In the following interview, Dr. Cooper answers questions on ‘regime politics’, the current state of the Liberal party, the meaning of conservatism, as well as what specifically it is about Canada that Stephen Harper is interested in conserving.

CI: When one comes across a book called It’s the Regime, Stupid!, with a subtitle about why Stephen Harper matters, it is reasonable to imagine a potential reader thinking that this is a book primarily based on current Canadian politics and the dynamics between the parties, but it is a lot more than that. It is a political history, a cultural analysis, and an analysis of literature even in certain places. How did the conversation go with the publisher when you were deciding on the title for the book?

BC: A very prescient question! They thought initially that it would be insulting to the reader, and they were leery of it. Key Porter [the publisher] was great to work with. My editor said that there were some questions, and I said ‘well, tell them it’s ironic’. And he said, ‘oh, good idea!’ I don’t know whether they didn’t understand what that meant or what, but the title, in a non-ironic way, was essentially twofold: one, to get the attention of somebody because it seems to be insulting. The other is to draw attention to the content, which is about regimes, and that is something that Canadian historians and Canadian political scientists have ignored, for understandable reasons. Nevertheless, it is extremely important, at least for political scientists like me that think that Plato and Aristotle are the beginning and so far unsurpassed political scientists of the Western world. I suppose that, if I were Chinese, I would talk about Confucius, but I’m not. It is Plato and Aristotle that Westerners have looked to for the beginning of political science. That is why ‘regime’ is so important. It is not really ironic. It is something that we have forgotten about, and in particular we have not looked at post-World War Two Canadian politics as ‘regime politics’. We think of it in terms of this development model, this colony-to-nation stuff that was important in the forties, or multiculturalism, but I think that is completely secondary, or we’re partisan about it, and that’s trivial.

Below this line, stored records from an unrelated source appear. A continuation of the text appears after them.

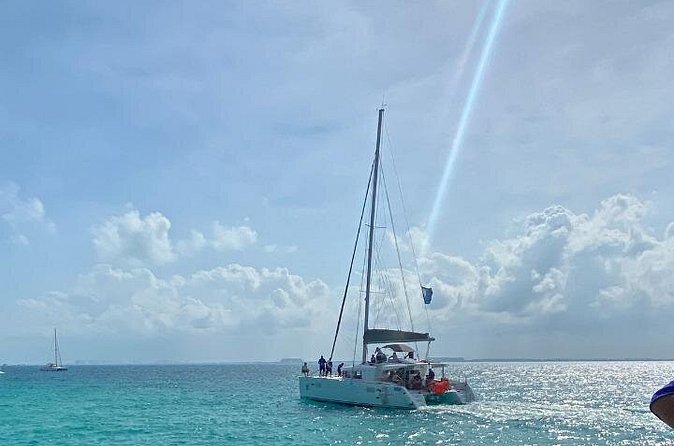 Isla Mujeres on luxury catamaran with snorkel, open bar and lunch - Food and Drinks Onboard: What’s Included, and What to Expect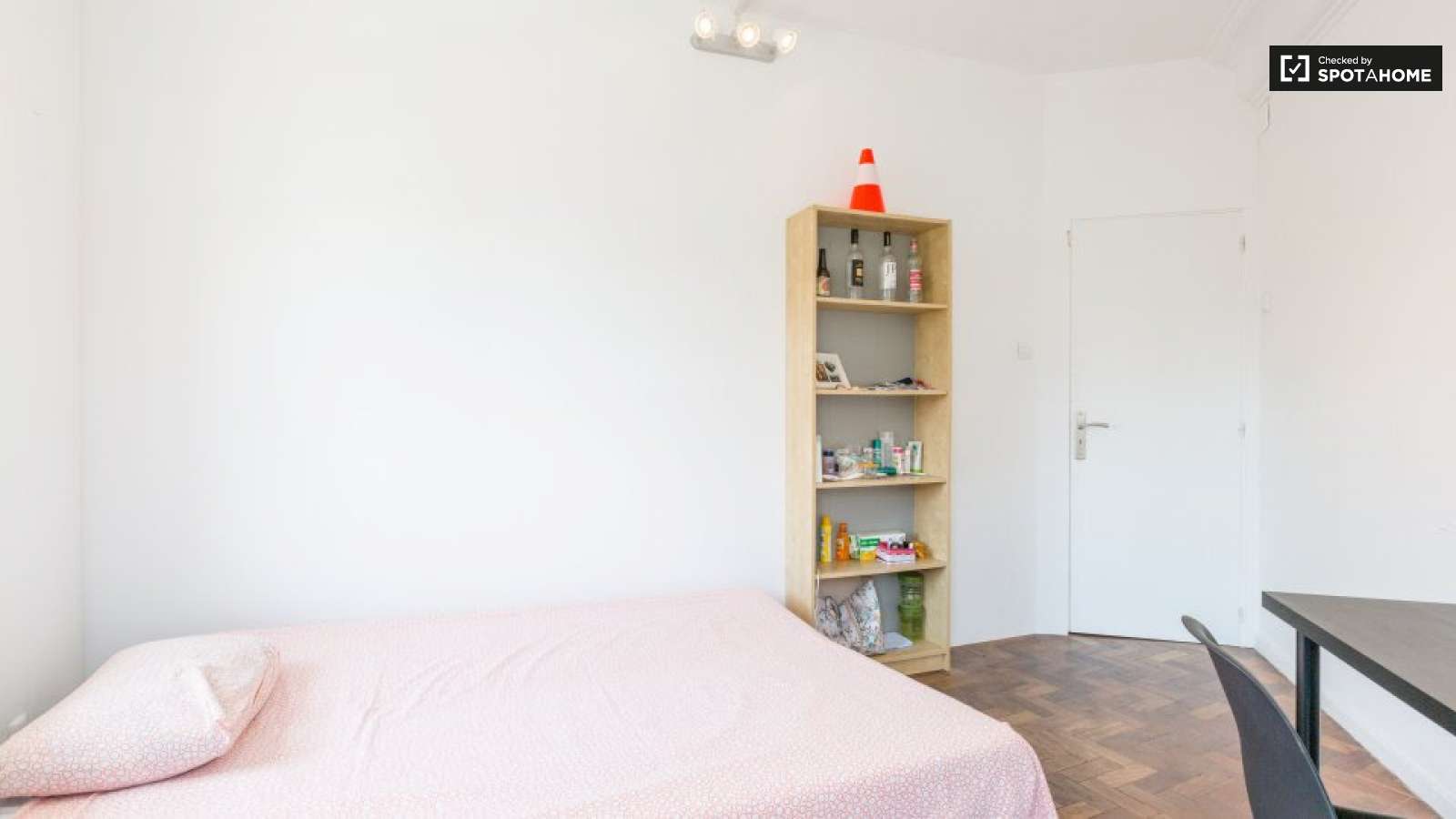 Quarto duplo para estudantes nas águas livres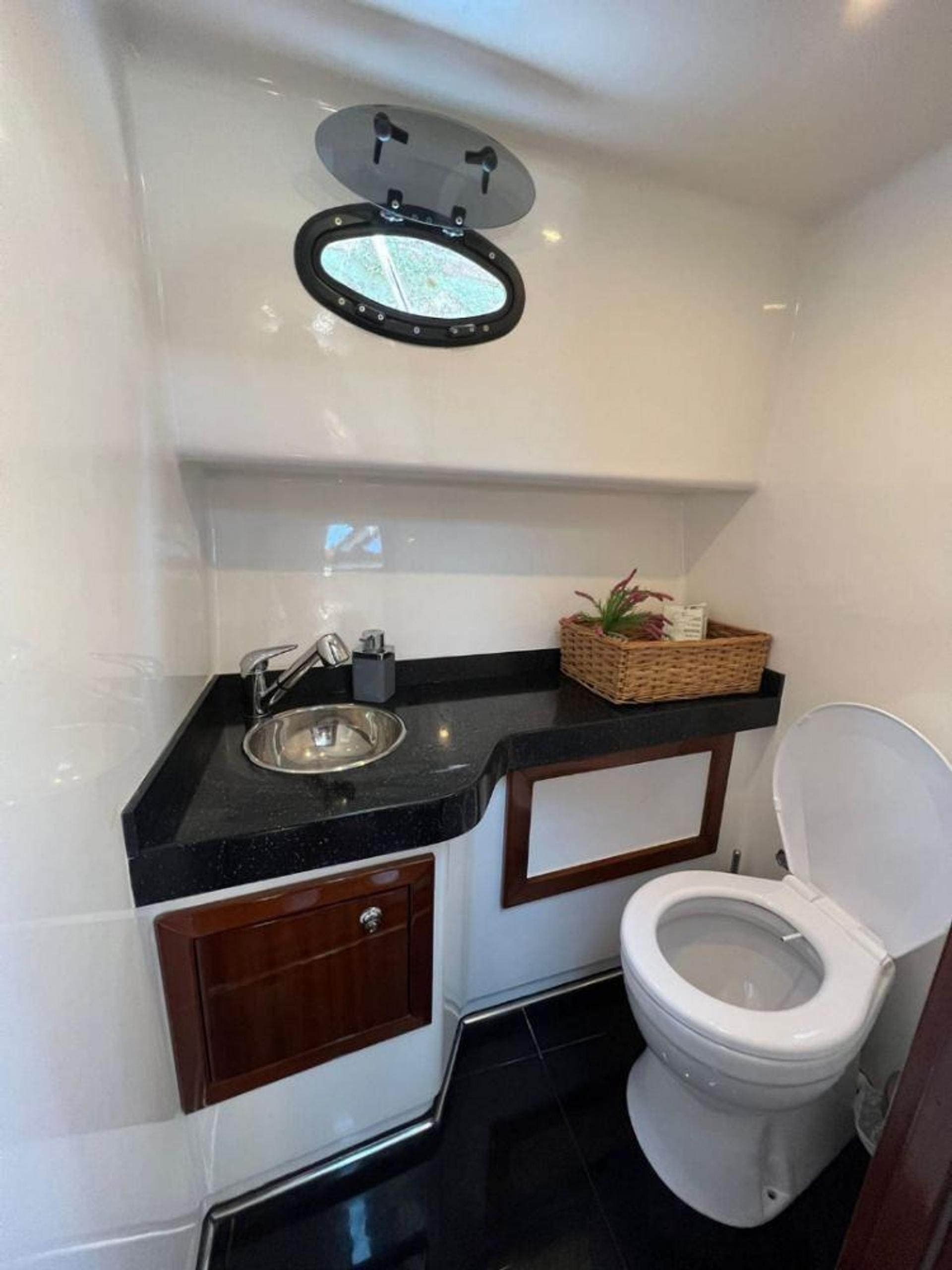Kiralık Özel yapım 12m Motoryat - 445 - photo 12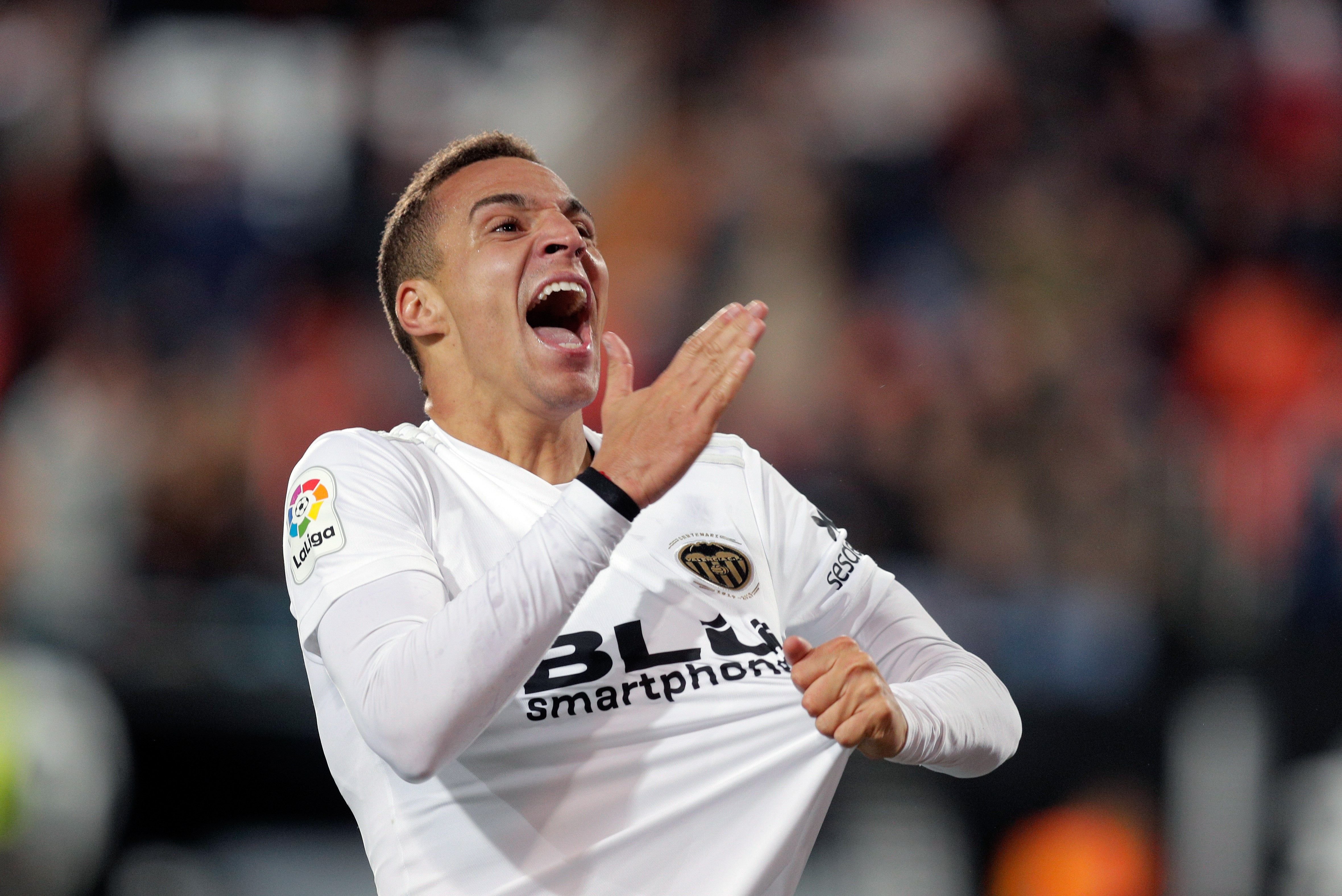 Rodrigo lleva la épica a Valencia y elimina al Getafe de la Copa (3-1)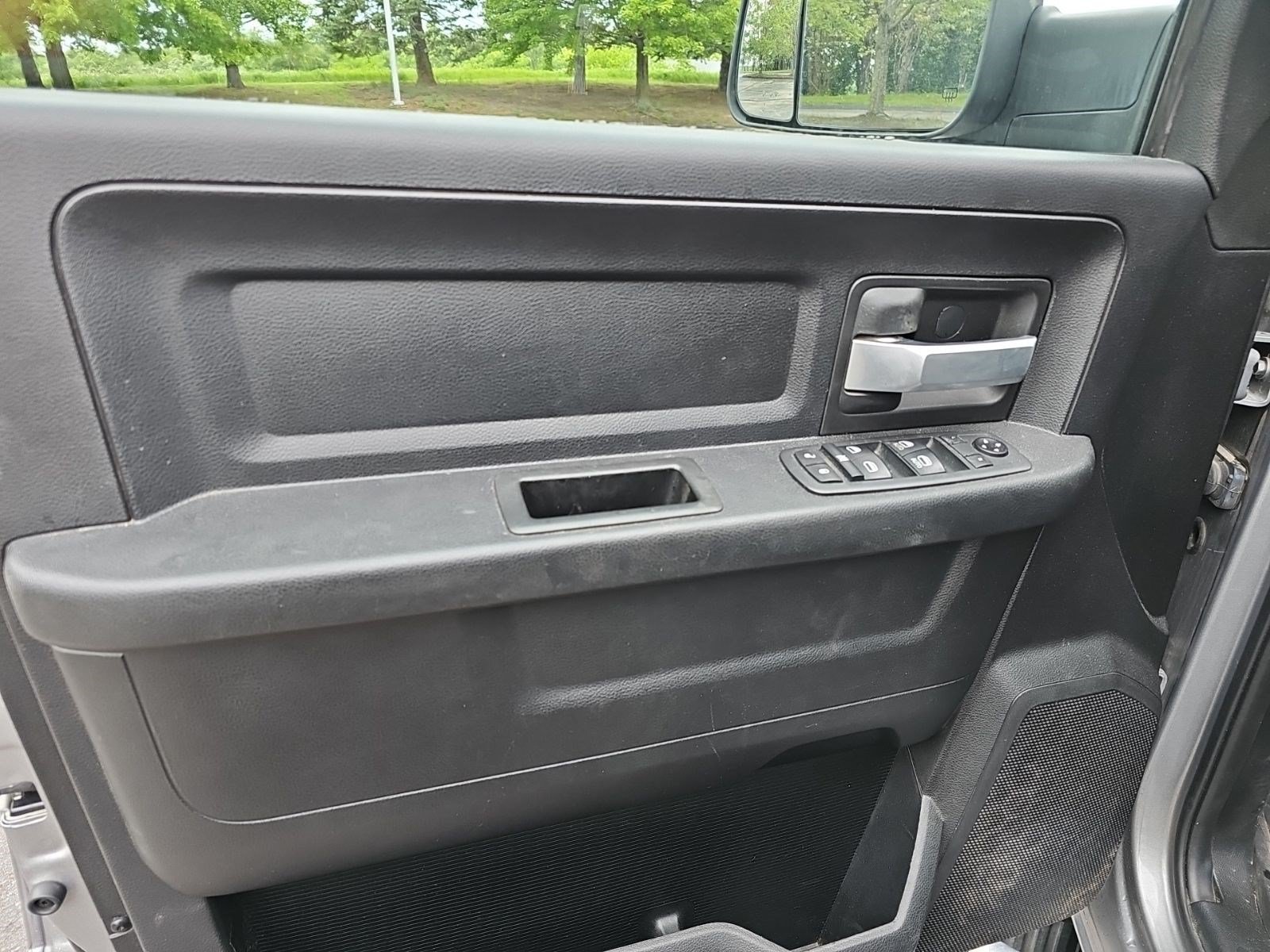 Used 2019 Billet Silver Metallic Clearcoat Ram Tradesman image 18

CI: Now it is rare for the key word in the title of the book, in this case ‘regime’, to have an asterisk next to it, and an explanation of it on the back of the book. How would you give a quick summary of the word ‘regime’, specifically in the context of Canadian politics? I noted in the book where you mention that, for Plato and Aristotle, “the key question ‘who rules?’ included the question ‘what is the character or personality of those who rule’.” So, your understanding of the word ‘regime’ is broader than people might immediately think.

BC: Yeah, there is a book with the title The Canadian Regime. It is about the law of the constitution.

CI: This is the book by Patrick Malcolmson and Rick Myers [both professors at St. Thomas University in Fredericton, New Brunswick].

BC: Yeah, it’s a good book about constitutional law, but the ‘regime’, in the way that I was using it – I mean, Plato’s most famous book could be called The Regime instead of The Republic. It’s a more accurate translation of politeia. But the point about personality is important, and it has an ethical dimension to it that is neglected by modern political scientists generally because they have no intellectual tools to deal with ethics. All they’re concerned with is voting behaviour and other sorts of models rather than what is genuine empirical analysis, namely the experience of our political leaders. There is a long discussion in there about myths. Part of the experience that we have is mythical because that gives us images of what the country looks like, what the purpose of life is, and other great questions as well.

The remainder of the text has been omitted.